## Listed records
BEGIN

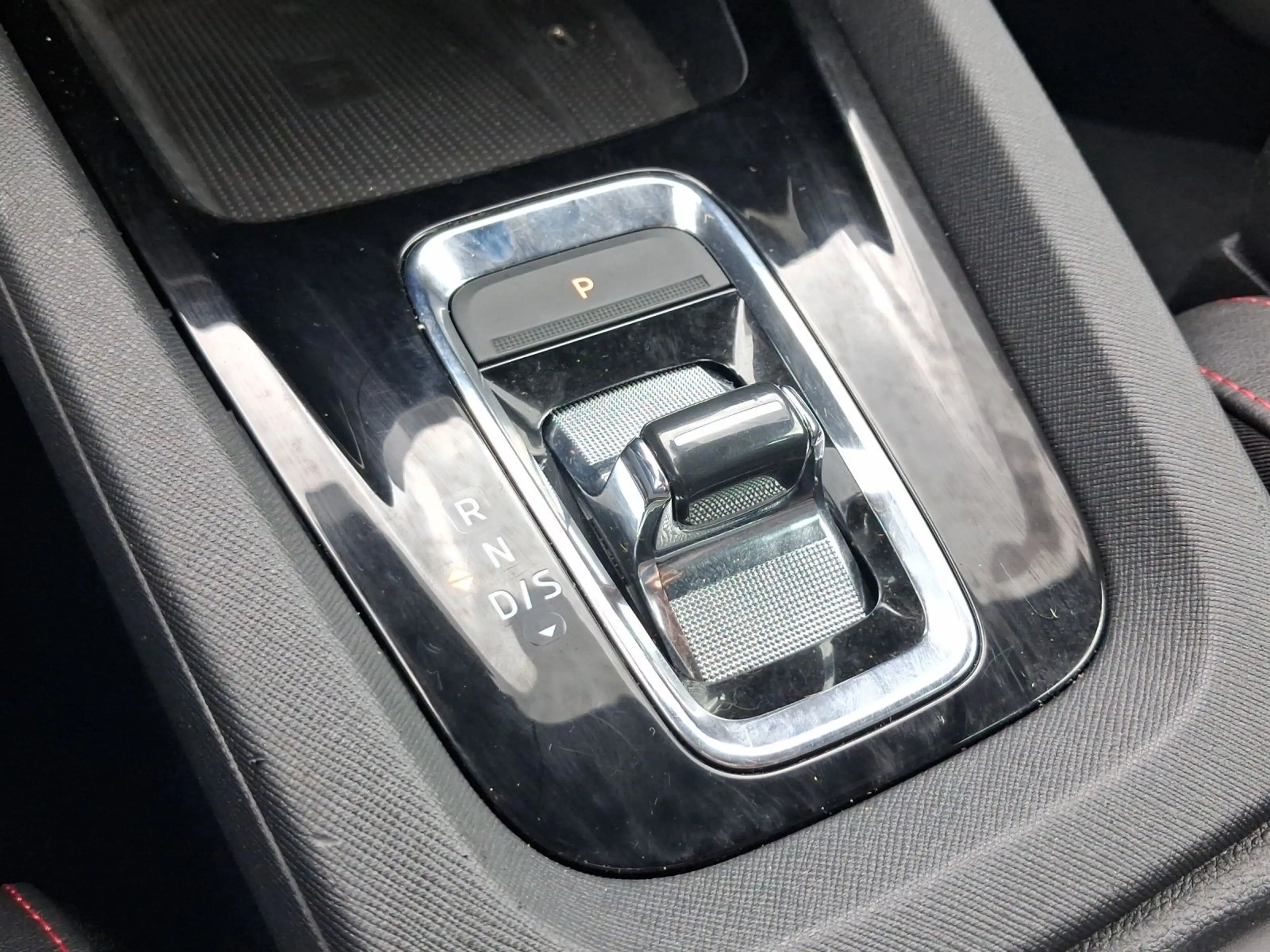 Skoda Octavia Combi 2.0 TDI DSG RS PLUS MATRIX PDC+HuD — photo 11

END
BEGIN

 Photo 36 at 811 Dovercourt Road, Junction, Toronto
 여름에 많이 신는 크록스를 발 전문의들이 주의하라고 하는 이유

END

## Problem to solve
Repeat, character for character, the lines of the material above from the line with "Photo 36 at" through the line with "여름에 많이 신는 크록스를 발 전문의들이 주의하라고 하는 이유".

## Solution to this exercise
 Photo 36 at 811 Dovercourt Road, Junction, Toronto
 여름에 많이 신는 크록스를 발 전문의들이 주의하라고 하는 이유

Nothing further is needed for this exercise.